Chapter 1: Introduction
In this paper we are presenting a compare and contrast between Parsee diasporic writer Bapsi Sidhwa’s “Ice candy man” (1988) and Indo-Canadian film director Deepa Mehta’s Earth: 1947 which based on the same novel. The dominant themes of the novel are the themes of partition. Sidhwa’s “Ice candy man” written from the viewpoint of an eight year old girl, Lenny, shows human suffering in a society divided not only because of one’s religious affiliation but also gender. The narration shows that women’s bodies have historically become territory in which men act out their aggression.
Bapsi Sidhwa’s “Ice candy man” (1988) and Deepa Mahta’s Earth:1947 both focuses on woman’s narrative and her sense of the traumatic experiences, violence that women have suffered and the socio- political stance taken by women of different religious and economic background. In both the novel and the film it has been shown how during the time of partition women were doubly victimized they were the victim of the violence caused between Hindu and Muslims. Women were raped, killed, sold, tortured, forced to take prostitution betrayed by their friends and neighbor, the people whom they trust and depended on. But the same event that crumble all the relation of men and woman, the same event made the women of this novel united and shows form of resistance.
In this paper we have tried to look at violence: as an agent of separation at the same time as an agent of bonding and resistance.
This paper has conducted its queries through the lens of feminism and theories of deconstruction. The “rape metaphor “in particular has been taken from Sara Sulari’s essay “The Rhetoric of English India”.
We have used secondary sources such as journals, essays, and information found on different websites to form our argument.
Chapter Two: Comparative Reading
2.1 Violence and female body
Ice Candy Man and 1947: Earth shows how women’s bodies were used to victim and re victimize them. In both cases, a particular form of violence (rape) was inflicted on women not only to degrade them, but also to humiliate the community they belonged to. As result, they were abandoned by their own people as well, becoming victimized by both parties of the riot.

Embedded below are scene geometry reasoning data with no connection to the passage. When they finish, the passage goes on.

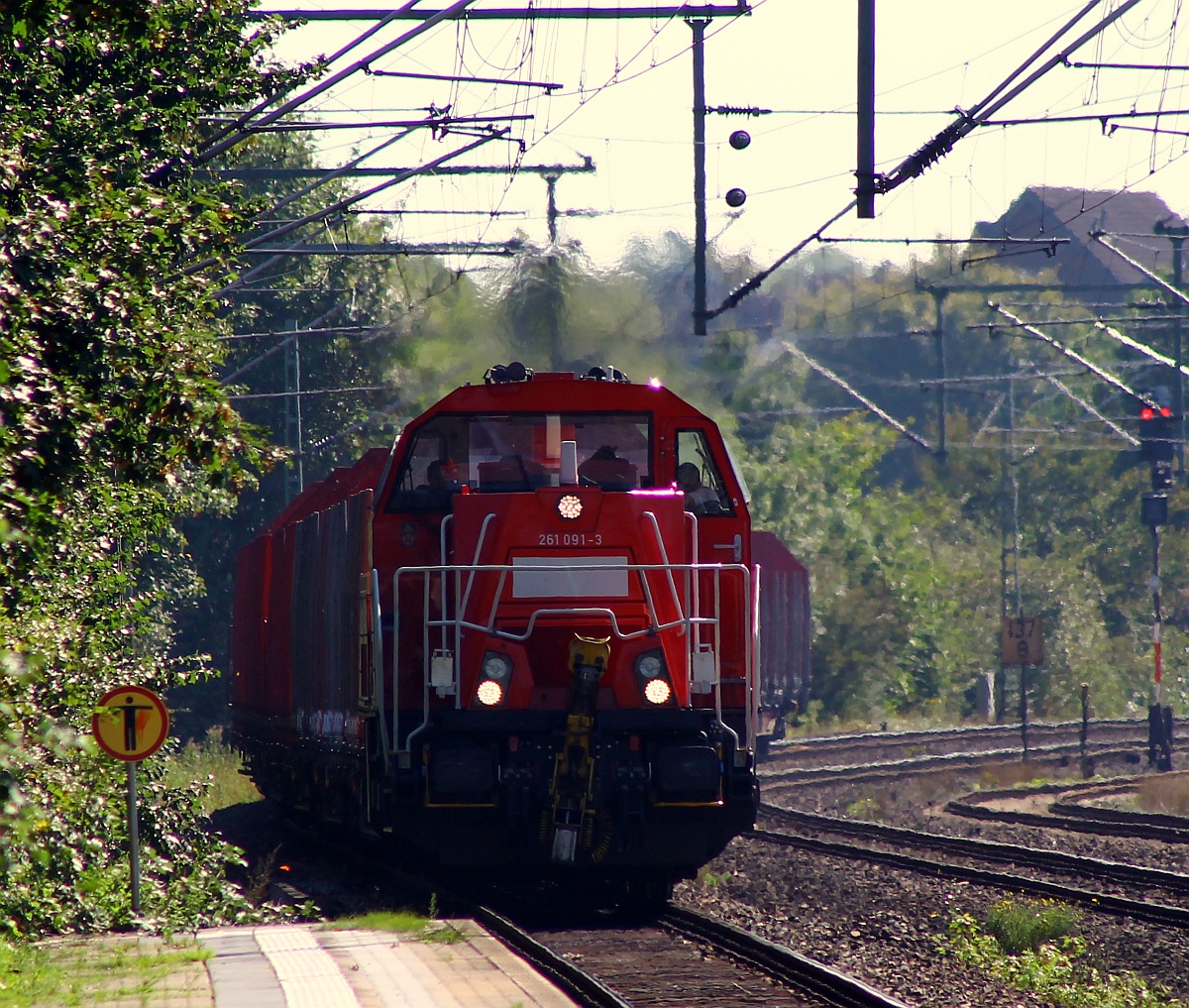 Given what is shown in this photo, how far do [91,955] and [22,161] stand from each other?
4.88 meters

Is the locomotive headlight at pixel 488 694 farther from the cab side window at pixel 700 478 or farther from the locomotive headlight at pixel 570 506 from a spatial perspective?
the cab side window at pixel 700 478

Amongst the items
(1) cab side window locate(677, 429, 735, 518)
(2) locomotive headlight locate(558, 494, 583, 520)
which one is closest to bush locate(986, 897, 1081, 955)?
(1) cab side window locate(677, 429, 735, 518)

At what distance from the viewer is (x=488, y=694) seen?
38.3ft

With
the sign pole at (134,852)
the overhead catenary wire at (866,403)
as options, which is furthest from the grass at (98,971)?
the overhead catenary wire at (866,403)

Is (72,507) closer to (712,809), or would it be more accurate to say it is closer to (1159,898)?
(712,809)

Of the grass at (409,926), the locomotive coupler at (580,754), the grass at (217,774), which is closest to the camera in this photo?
the grass at (409,926)

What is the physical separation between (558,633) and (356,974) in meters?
3.28

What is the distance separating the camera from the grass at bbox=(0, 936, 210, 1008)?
8.76 metres

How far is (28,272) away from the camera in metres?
8.47

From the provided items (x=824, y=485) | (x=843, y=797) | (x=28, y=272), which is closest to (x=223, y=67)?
(x=28, y=272)

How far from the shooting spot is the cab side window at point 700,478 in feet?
43.1

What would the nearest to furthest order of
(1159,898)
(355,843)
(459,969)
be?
(459,969) → (1159,898) → (355,843)

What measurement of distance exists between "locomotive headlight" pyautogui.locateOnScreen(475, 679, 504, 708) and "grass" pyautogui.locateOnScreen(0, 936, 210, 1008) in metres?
2.54

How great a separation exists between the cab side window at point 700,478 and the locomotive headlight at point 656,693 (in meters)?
1.82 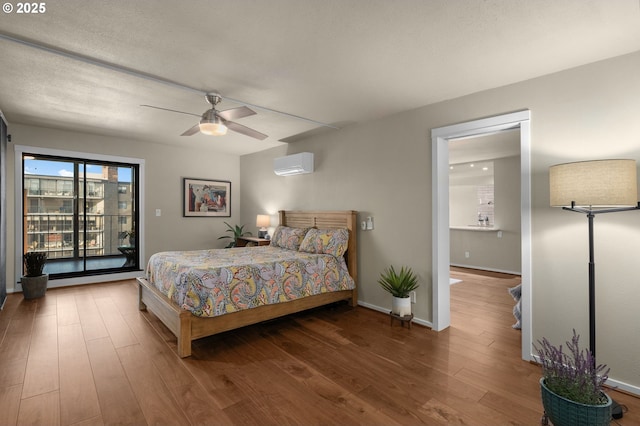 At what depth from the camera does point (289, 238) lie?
4.57 m

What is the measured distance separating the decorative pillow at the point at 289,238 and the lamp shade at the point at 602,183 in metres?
3.14

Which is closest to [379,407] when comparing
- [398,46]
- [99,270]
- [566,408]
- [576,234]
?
[566,408]

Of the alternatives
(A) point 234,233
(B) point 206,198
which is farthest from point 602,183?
(B) point 206,198

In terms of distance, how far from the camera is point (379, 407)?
78.0 inches

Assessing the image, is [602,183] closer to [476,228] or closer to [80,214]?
[476,228]

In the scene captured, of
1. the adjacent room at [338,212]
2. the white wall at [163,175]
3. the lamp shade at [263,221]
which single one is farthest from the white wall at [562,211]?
the white wall at [163,175]

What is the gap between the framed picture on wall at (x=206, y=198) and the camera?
236 inches

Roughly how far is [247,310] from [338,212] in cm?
188

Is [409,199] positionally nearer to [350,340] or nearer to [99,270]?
[350,340]

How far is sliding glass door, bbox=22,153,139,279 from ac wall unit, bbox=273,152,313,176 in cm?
274

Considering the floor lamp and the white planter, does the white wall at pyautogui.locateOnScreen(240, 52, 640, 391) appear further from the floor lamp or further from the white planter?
the floor lamp

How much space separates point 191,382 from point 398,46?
2871 mm

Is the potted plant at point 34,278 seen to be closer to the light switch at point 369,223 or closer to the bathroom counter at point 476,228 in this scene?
the light switch at point 369,223

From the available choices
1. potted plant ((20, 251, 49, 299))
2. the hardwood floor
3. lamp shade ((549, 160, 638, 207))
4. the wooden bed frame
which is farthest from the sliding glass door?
lamp shade ((549, 160, 638, 207)) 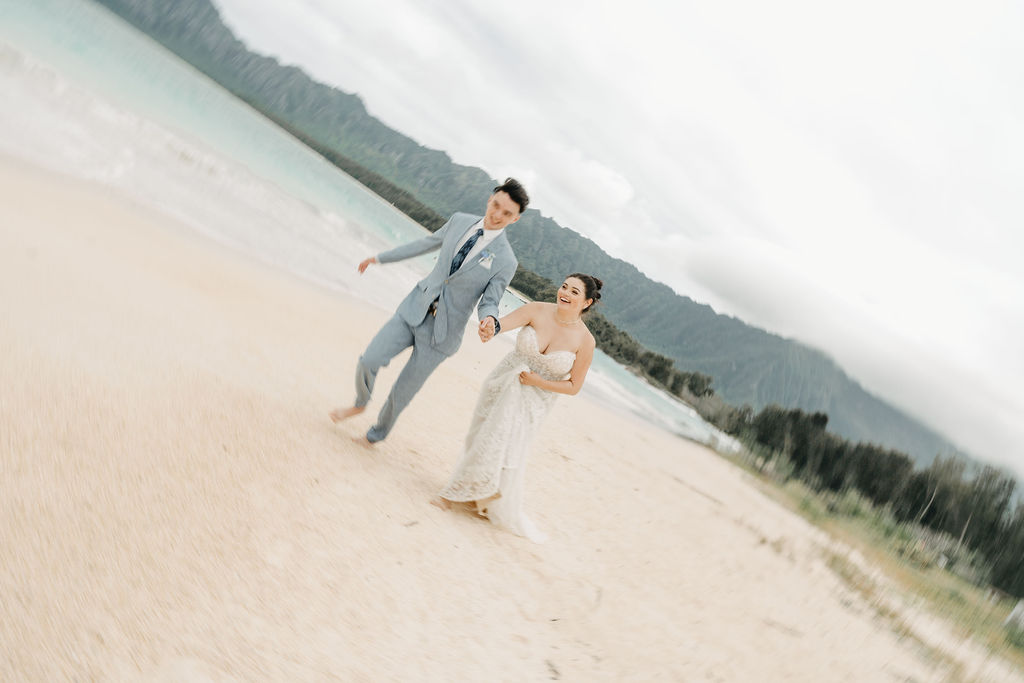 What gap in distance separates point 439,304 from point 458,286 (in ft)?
0.71

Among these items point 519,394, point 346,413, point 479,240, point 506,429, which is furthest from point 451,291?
point 346,413

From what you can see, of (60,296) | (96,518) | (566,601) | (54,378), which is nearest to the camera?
(96,518)

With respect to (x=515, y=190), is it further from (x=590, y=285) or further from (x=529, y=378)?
(x=529, y=378)

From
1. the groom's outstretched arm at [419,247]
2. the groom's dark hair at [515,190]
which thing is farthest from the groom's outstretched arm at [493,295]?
the groom's outstretched arm at [419,247]

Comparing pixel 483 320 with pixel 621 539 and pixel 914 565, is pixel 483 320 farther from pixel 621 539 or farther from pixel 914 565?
pixel 914 565

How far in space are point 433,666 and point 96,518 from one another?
169 cm

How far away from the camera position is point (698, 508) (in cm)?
1133

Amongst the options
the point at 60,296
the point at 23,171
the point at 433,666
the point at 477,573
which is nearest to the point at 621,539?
A: the point at 477,573

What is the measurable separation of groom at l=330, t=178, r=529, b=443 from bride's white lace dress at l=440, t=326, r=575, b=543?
484mm

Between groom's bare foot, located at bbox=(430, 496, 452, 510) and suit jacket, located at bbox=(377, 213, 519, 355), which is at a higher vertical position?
suit jacket, located at bbox=(377, 213, 519, 355)

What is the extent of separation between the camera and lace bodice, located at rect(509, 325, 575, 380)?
4.73 meters

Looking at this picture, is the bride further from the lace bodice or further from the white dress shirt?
the white dress shirt

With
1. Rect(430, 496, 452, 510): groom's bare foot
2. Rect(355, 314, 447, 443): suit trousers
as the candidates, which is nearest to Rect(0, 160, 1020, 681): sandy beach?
Rect(430, 496, 452, 510): groom's bare foot

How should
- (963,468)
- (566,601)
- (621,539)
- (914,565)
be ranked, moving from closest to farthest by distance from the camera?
1. (566,601)
2. (621,539)
3. (914,565)
4. (963,468) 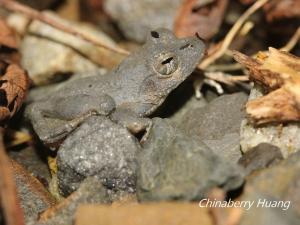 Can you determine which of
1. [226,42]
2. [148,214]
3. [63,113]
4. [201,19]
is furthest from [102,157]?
[201,19]

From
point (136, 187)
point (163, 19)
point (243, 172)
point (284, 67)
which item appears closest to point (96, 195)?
point (136, 187)

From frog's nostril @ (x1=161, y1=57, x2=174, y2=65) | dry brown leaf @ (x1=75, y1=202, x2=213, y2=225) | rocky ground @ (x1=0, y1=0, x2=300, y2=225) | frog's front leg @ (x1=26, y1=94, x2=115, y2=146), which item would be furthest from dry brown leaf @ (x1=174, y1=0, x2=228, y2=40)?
dry brown leaf @ (x1=75, y1=202, x2=213, y2=225)

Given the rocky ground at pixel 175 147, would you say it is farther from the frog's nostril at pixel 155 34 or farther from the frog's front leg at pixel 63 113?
the frog's nostril at pixel 155 34

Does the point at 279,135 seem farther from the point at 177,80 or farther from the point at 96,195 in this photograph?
the point at 96,195

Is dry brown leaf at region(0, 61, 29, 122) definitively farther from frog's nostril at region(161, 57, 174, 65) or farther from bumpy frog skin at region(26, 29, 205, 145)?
frog's nostril at region(161, 57, 174, 65)

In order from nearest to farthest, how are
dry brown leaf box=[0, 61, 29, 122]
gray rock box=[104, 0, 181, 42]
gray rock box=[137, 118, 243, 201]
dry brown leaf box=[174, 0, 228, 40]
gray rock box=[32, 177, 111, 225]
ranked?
gray rock box=[137, 118, 243, 201], gray rock box=[32, 177, 111, 225], dry brown leaf box=[0, 61, 29, 122], dry brown leaf box=[174, 0, 228, 40], gray rock box=[104, 0, 181, 42]

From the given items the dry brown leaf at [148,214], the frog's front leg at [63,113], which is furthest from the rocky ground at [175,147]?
the frog's front leg at [63,113]

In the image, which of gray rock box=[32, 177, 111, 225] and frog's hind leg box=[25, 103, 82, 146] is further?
frog's hind leg box=[25, 103, 82, 146] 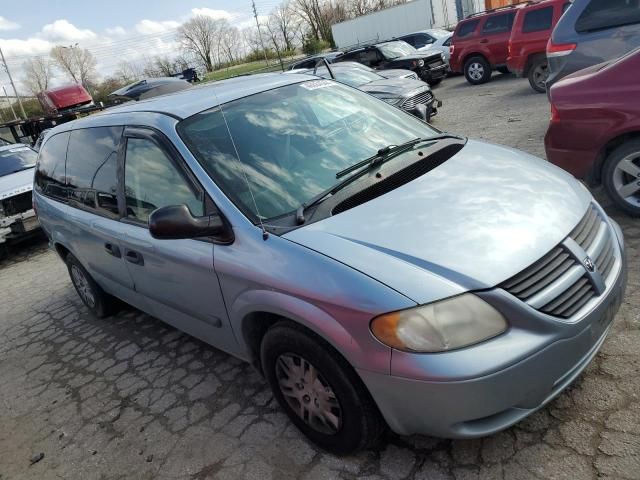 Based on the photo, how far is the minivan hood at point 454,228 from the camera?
1.96 meters

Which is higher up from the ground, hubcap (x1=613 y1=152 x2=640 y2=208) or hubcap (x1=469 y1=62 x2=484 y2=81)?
hubcap (x1=469 y1=62 x2=484 y2=81)

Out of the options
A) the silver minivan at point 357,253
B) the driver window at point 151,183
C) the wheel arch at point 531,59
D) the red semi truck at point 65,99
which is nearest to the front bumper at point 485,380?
the silver minivan at point 357,253

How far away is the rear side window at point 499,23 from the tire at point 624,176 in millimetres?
10862

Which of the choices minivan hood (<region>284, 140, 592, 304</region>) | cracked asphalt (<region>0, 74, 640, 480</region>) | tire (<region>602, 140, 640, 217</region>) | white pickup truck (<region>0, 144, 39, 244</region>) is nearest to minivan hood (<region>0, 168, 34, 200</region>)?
white pickup truck (<region>0, 144, 39, 244</region>)

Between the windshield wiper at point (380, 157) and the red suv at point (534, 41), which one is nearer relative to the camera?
the windshield wiper at point (380, 157)

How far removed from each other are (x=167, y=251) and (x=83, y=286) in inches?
95.1

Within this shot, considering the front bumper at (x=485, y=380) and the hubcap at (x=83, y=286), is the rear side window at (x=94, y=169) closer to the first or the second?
the hubcap at (x=83, y=286)

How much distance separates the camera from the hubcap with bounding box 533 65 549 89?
10.4m

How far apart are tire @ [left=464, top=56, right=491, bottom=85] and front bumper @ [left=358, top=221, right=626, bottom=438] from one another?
13197 millimetres

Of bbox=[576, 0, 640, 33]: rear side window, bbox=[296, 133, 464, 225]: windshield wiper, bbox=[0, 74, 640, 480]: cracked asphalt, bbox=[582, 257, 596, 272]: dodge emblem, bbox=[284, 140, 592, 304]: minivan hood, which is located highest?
bbox=[576, 0, 640, 33]: rear side window

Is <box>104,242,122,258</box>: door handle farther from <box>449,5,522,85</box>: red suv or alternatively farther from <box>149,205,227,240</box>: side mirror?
Answer: <box>449,5,522,85</box>: red suv

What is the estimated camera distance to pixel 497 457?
2.22m

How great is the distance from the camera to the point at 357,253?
6.88 ft

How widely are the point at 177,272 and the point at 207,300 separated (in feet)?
0.88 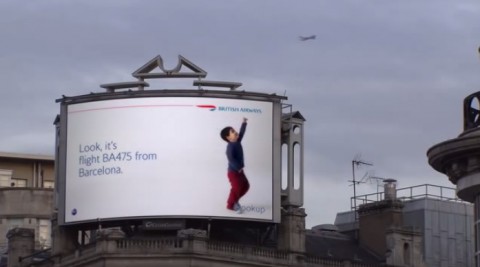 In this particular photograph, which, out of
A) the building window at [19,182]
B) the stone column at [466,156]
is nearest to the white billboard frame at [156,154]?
the building window at [19,182]

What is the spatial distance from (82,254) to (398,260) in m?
17.5

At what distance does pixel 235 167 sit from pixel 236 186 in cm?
100

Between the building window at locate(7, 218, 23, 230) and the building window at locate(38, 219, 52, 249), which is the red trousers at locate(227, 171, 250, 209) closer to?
the building window at locate(38, 219, 52, 249)

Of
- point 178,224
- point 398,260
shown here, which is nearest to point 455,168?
point 178,224

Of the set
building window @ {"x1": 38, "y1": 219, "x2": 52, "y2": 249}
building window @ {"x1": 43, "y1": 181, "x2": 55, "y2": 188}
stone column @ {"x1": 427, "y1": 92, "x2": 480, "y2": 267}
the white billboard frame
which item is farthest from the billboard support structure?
stone column @ {"x1": 427, "y1": 92, "x2": 480, "y2": 267}

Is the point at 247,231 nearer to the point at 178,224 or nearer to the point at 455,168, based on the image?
the point at 178,224

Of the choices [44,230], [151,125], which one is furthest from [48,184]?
[151,125]

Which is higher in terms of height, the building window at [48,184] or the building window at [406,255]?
the building window at [48,184]

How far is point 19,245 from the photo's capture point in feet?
313

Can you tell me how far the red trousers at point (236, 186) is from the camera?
86.9 metres

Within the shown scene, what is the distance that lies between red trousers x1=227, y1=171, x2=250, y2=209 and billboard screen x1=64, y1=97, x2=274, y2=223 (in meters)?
0.25

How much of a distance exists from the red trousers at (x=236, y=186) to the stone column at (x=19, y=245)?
14.1 metres

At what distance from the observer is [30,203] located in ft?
381

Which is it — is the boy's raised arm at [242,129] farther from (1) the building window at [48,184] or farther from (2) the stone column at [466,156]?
(2) the stone column at [466,156] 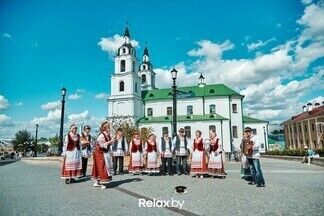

i. Ayah’s body as a symbol of the nation
Bapsi Sidhwa and Deepa mehta shows how women are dehumanized solely based on their body- both in love and chaos. In the novel, Lenny gives an account of how men –from beggars to holy men to British soldiers- gaze over Ayah’s beautiful body. This attention however, dehumanizes Ayah as a person and she is reduced into just a body. For this characteristics- Ayah’s body becomes a symbol of undivided India –luring both insiders and outsiders with its bounty of treasures. In 1947: Earth, the greedy male gaze towards Ayah’s body and its symbolic connection to the physical territory of undivided India is beautifully captured at the park scene where male admirers from three different religious communities (hindu, muslim, shikh) sit circling around Ayah. Unconsciously, her sari slips from her chest, exposing her breasts partially (10:33). All the men at the scene are taken aback by this accidental wardrobe malfunction and they kept looking at her breasts with silent lust and desire. Ironically, these three communities fight for dominance over each other as well as possession of India tears the country apart.
Both the novel and the movie maintained Ice candy man’s contribution to ayah’s rape. However,the reasons that drove Ice candy man to betray the woman he loves/ once loved are portrayed from two different points of view. In 1947: Earth , Ice candy man was aware of Ayah and Masseurs mutual attraction. Despite that and her sisters’ horrible murder by Hindus- he proposes marriage-which she politely refuses. It’s after he accidentally (and quite voyeuristically) watches Ayah having sex with Masseur, he reaches his bursting point. Once another man marks his territory over her body by penetration- ayah loses her pedestal and stoops down to a fallen woman. Women’s worth was and still is measured, judged and persecuted by the exclusivity of her vagina in patriarchal societies like undivided India( in the now divided parts as well). This is the reason why he hands the woman he once loved to his frenzied brethren who drags her towards her impending doom.
Unlike the movie, in the novel ayah and masseur’s relationship is not portrayed in a sexually explicit manner. Moreover, Ice candy man was born in a brothel, so pre-marital sexual relationship is not as taboo to him as it was/is to most sub-continental men. Yet, he lets Ayah be gang raped, makes her a prostitute, pimps her to be a dancer. According to Godmother, the only reason he marries her is to restrain her from going back to Amritsar to her family with Lenny’s mother’s help ( Sidhwa,page 250).All of his evil / overly obsessed plans becomes successful because he uses Ayah’s body to entrap her. Once ayah is raped, her family or her long lines of admirers are not likely to taint their honors by giving her shelter. Ice candy man permanents her fallen state by making her a prostitute and a dancer- leaving her no option but to live with him and eventually marry him. He keeps her like a princess ( according to him) by wrapping her “body” with gold and silk – and thinks finally she is all his. He is content by possessing her body, providing comfort and ornamentation for her “body’- but completely fails to see how that body is all drained out of spirit. Sidhwa and Mehta take two different routes to reach the same destination –dehumanization of women by body politic.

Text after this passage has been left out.